Conversations are at least 70% more interesting around a campfire with no service.

The great irony, even in the places I’ve described, is that all physical land is mapped and named and owned, and I am very much conscious of that as I observe and photograph it. Owned land feels less free to me, and I feel less free on owned land.

The good news is, if you go to the right places, you can easily forget that someone or some government holds a deed to the land under your feet. I like to go deep into public land to remember that it’s free and, as public property, it’s partially mine. I like to go high up in the mountains, to places that are snowy and blowing and demand my full attention. I like to go into the ocean — above water with the waves and below water with the creatures — to be surrounded by its motion, and its sense of universal ownership. I like to be so exposed to and challenged by nature that I can’t think about posting it, I can only think about being it. 

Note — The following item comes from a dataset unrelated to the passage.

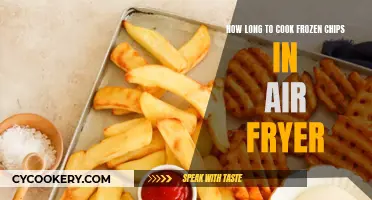 Crispy, Golden Chips: Air Fryer Cooking Time for Frozen Chips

And if you and I can’t be in these physical places when we want to be, we can always find a similar feeling inside. We each have tools to unlock our wilder places within. Consciously disconnect, thoughtfully look inside, and immediately the world feels and sounds, looks and smells different. 

Traveling through unbranded space is a moving meditation. 

Once you’ve found some personal wild places, don’t let too much time go by without visiting them. Protect them, and make sure that loved ones are protecting their unbranded spaces too. Talk about them with people you like. Ask them about theirs. And, now, because I have to survive in our made-up world just like you, I must leave this meditation and get back to building my brand.